Север вовсе не здесь, но в Полярном Круге.
И Экватор шире, чем ваш лампас.
Потому что фронт, генерал, на Юге.
На таком расстояньи любой приказ
превращается рацией в буги-вуги.
Авторы таких текстов наивно думают, что их тексты очень «сложные», требующие особого ума для их интерпретации. На самом же деле наоборот – это тексты самые примитивные, основанные на «автоматизме» речи, как у психически больного, и «интерпретировать» их можно, только полностью отключив ум. Авторы таких текстов считают «поэзией» ассоциации между отдельными словами и выражениями. А на самом деле это антипоэзия, которая лишь паразитирует на нормальном человеческом языке, нагло разрушая его. Создатели «мусорных текстов» стремятся к «оригинальности» во что бы то ни стало, это их фетиш. Но стремление к оригинальности – это первый признак графомана, которому нечего сказать, и эту внутреннюю пустоту он пытается заменить внешним эффектом. А поэт не стремится к «оригинальности», он стремится к красоте. Хороший стих всегда похож на какой-то другой, он даже может быть прямым подражанием – для поэзии «оригинальность» вообще безразлична. Абсолютно оригинален только бессмысленный набор слов.
Относительно И. Бродского следует сказать, что он на самом деле имел поэтический талант, и у него есть пара десятков хороших стихотворений, а одно из них – «Сретенье» – даже можно включать в антологии православной поэзии. В нем есть, например, такая «классическая» строфа:
А было поведано старцу сему
о том, что увидит он смертную тьму
не прежде, чем Сына увидит Господня.
Свершилось. И старец промолвил: «Сегодня…
Сохранение классической формы стиха, точности и прозрачности речи уже само по себе создает поэтический эффект, даже если содержание текста стихотворения весьма тривиально. Это порождает массу «полуталантов», создающих так называемые «проходные тексты». Это не графомания, но и не настоящая поэзия. В отличие от «мусорщиков», эти авторы понимают, что такое поэзия и стремятся к ней, но не могут до неё дорасти по целому ряду причин. В первую очередь, из-за самой среды, в которой они выросли. Они выросли в среде таких же «полуталантов» и бессознательно им подражают. В этом отношении весьма характерно и то, что современные стихотворцы в «авторитеты» себе чаще всего выбирают не поэтов высокой классики из «золотого» или «серебряного» века, а поэтов советской эпохи – эпохи упадка и варваризации литературы. Это означает, что упадок и варваризация лишь продолжаются уже в наше время. И литературная критика, которая находится в еще большем упадке, чем сама литература, лишь поощряет это. Редакторы отделов поэзии в «толстых» журналах – это, как правило, бывшие графоманы, которые боятся настоящих поэтов и продвигают авторов своего же уровня.

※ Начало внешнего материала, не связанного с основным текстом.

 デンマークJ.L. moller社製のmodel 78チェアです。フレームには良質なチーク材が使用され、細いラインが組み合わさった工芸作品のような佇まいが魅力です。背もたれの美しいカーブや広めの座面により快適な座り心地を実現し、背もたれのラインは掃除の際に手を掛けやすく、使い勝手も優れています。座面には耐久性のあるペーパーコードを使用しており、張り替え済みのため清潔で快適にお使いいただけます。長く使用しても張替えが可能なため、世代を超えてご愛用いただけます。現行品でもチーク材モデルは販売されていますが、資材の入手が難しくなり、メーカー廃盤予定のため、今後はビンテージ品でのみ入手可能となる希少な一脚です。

Но самая главная причина недорастания до настоящей поэзии в наше время – деградация самого человека, утрата того глубинного религиозного духа, который был у наших предков, но уничтожен духовным геноцидом ХХ века. В классической статье «Когда же возродится великая русская поэзія?» И.А. Ильин писал, что русская поэзия возродится только на основе духовного и нравственного возрождения русского народа. Умирание литературы может смениться её воскресением – таков евангельский закон бытия.